→ **Work request**: Only the lines from the beginning of the entries through the one that holds "image for item H1220" may appear in the answer, written out exactly and free of pictures.

┄┄┄┄┄┄

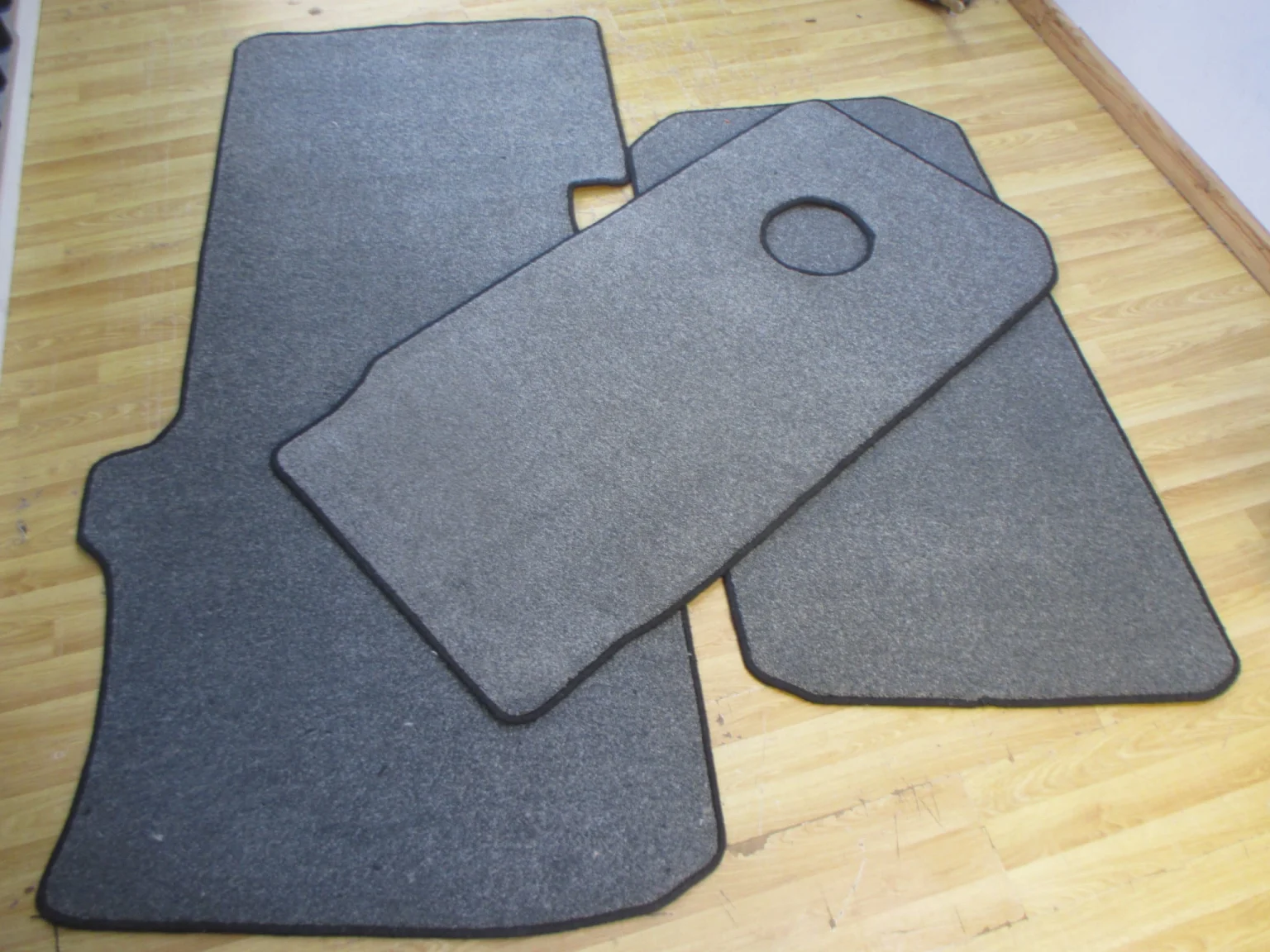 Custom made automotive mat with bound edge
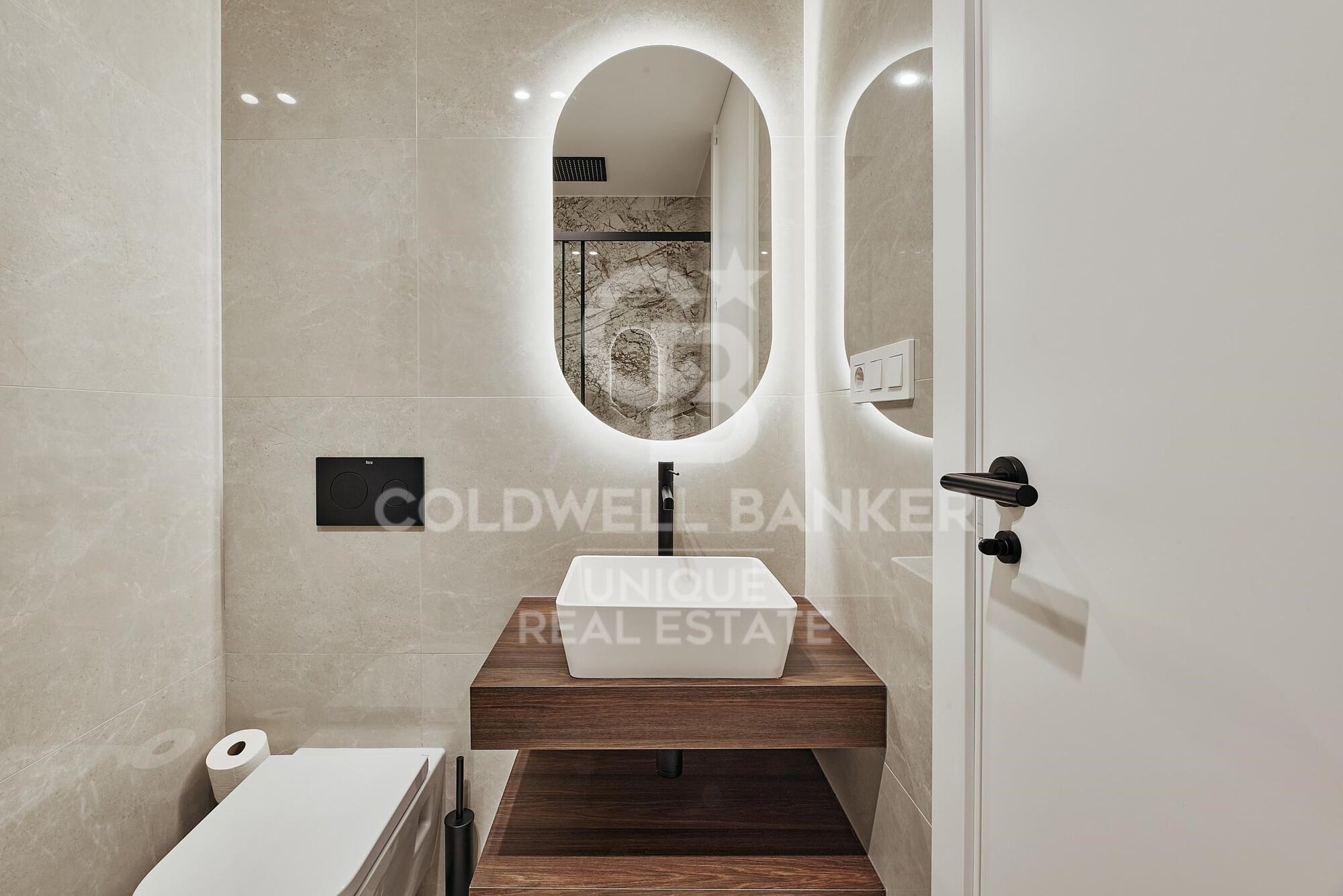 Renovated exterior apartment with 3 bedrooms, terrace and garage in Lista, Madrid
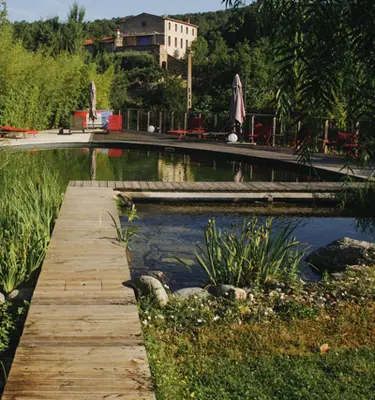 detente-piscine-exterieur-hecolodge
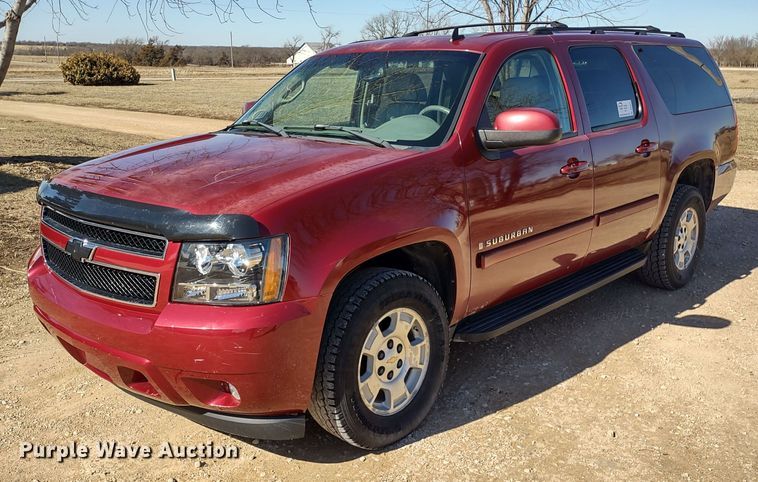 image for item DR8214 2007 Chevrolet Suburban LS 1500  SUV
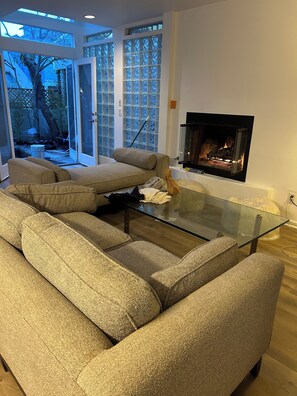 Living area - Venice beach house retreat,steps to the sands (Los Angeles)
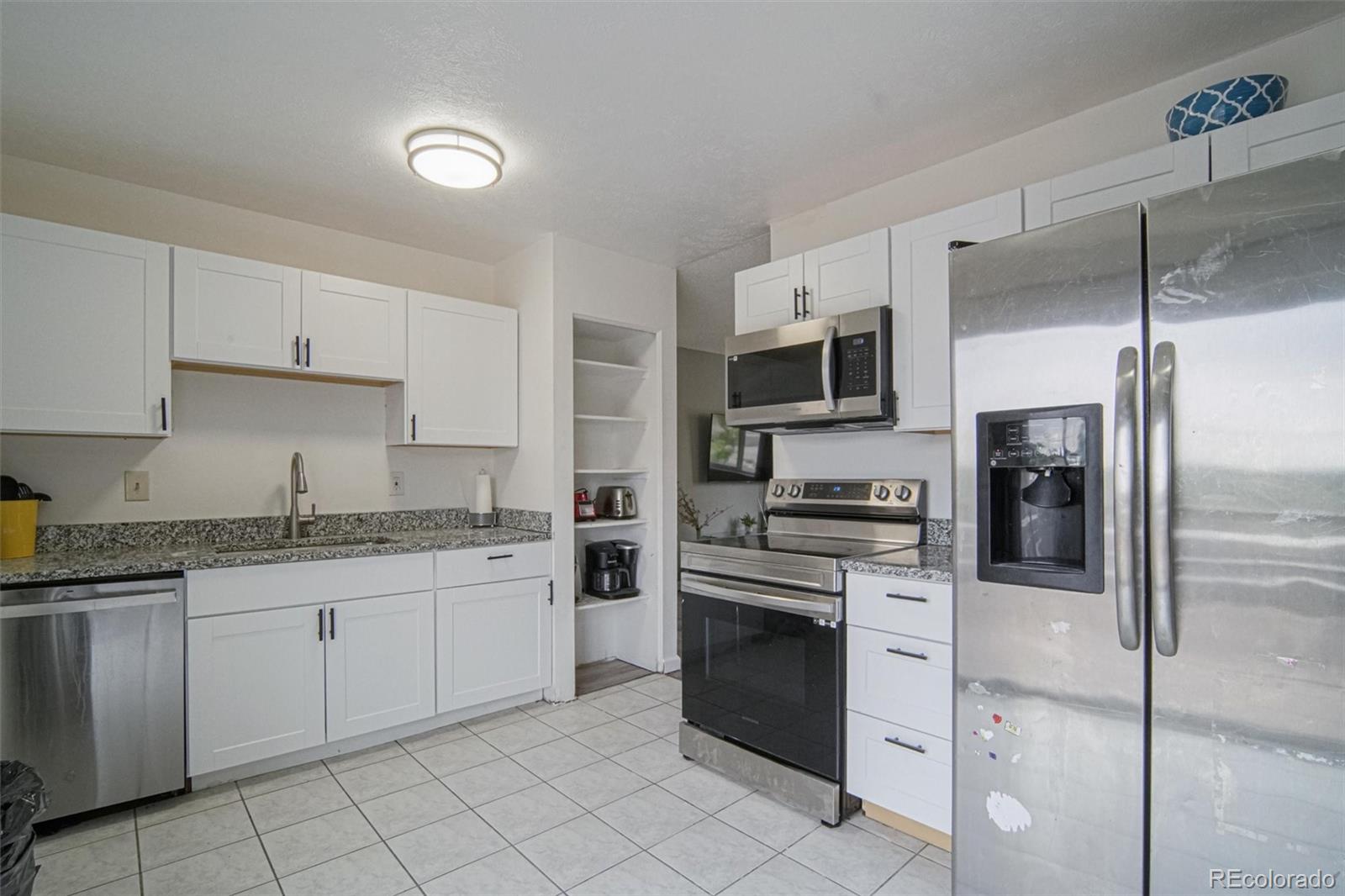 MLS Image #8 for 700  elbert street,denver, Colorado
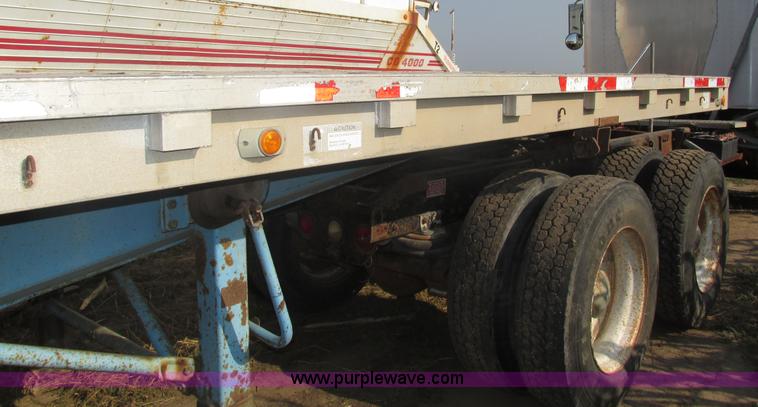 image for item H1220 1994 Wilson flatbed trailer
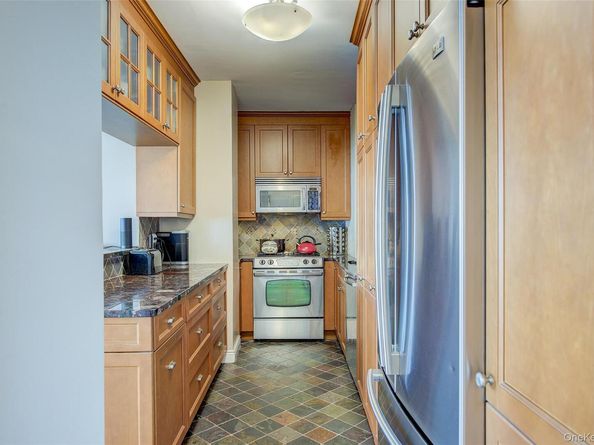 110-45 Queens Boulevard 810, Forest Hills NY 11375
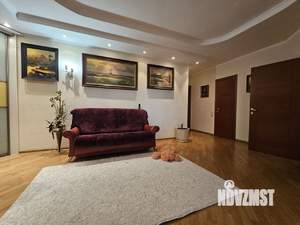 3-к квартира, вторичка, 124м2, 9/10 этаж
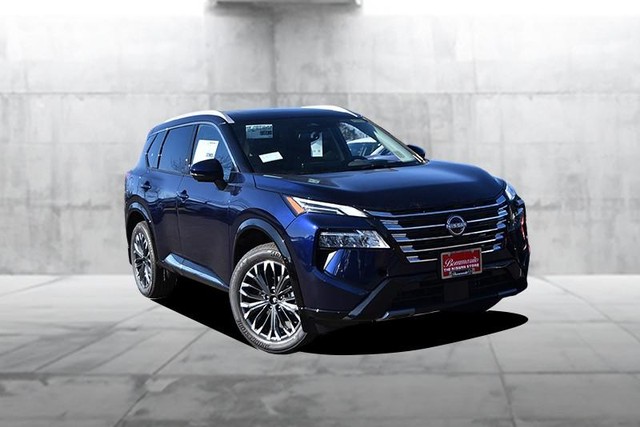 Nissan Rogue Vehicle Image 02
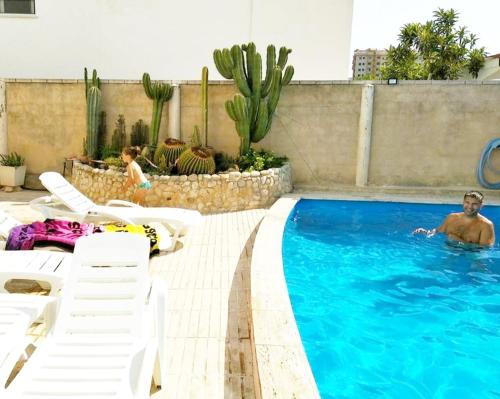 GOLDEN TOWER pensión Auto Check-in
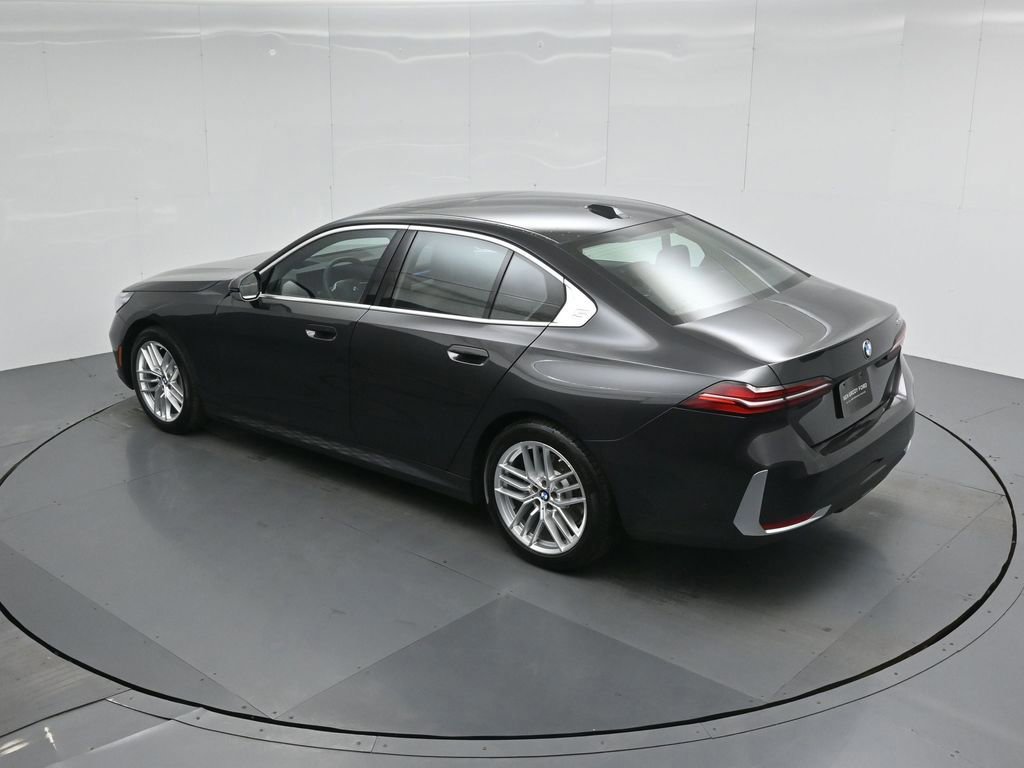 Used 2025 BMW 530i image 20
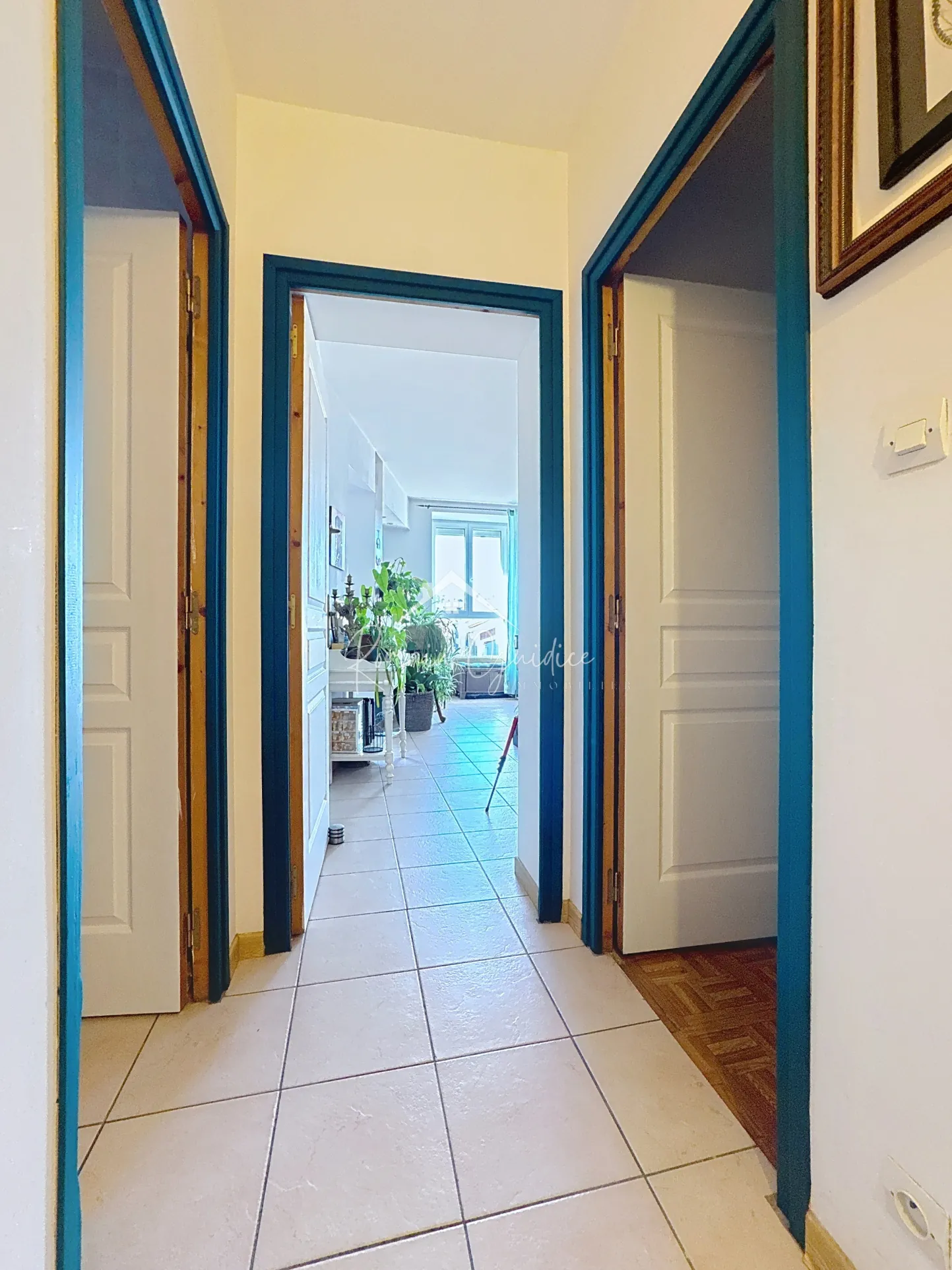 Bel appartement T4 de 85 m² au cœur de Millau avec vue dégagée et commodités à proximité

┄┄┄┄┄┄

→ **Task answer**:
 Custom made automotive mat with bound edge
 Renovated exterior apartment with 3 bedrooms, terrace and garage in Lista, Madrid
 detente-piscine-exterieur-hecolodge
 image for item DR8214 2007 Chevrolet Suburban LS 1500  SUV
 Living area - Venice beach house retreat,steps to the sands (Los Angeles)
 MLS Image #8 for 700  elbert street,denver, Colorado
 image for item H1220 1994 Wilson flatbed trailer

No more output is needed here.